4. Il ressort des pièces du dossier que Mme B... assurait au sein du service des espaces verts et au regard de ses compétences en horticulture, l'encadrement d'une équipe technique d'au moins 5 agents et a perçu à ce titre à compter du 1er janvier 2014 la nouvelle bonification indiciaire de 15 points. Ses nouvelles fonctions d'entretien des rues et des locaux communaux lui ont fait perdre ses fonctions d'encadrement et ont entraîné la suppression de la nouvelle bonification indiciaire.

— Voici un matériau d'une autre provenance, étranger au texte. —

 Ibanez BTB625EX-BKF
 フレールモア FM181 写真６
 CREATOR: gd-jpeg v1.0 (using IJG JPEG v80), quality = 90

Par suite, et alors même que ce changement d'affectation ne porterait pas atteinte aux droits statutaires de son agent ou aux droits et libertés fondamentaux de Mme B..., les changements d'affectation en litige, qui bouleversent de manière suffisamment importante les conditions de travail de Mme B..., ne peuvent être qualifiés de mesure d'ordre intérieur et sont donc susceptibles de recours, contrairement à ce que soutient la commune de Beauvoisin.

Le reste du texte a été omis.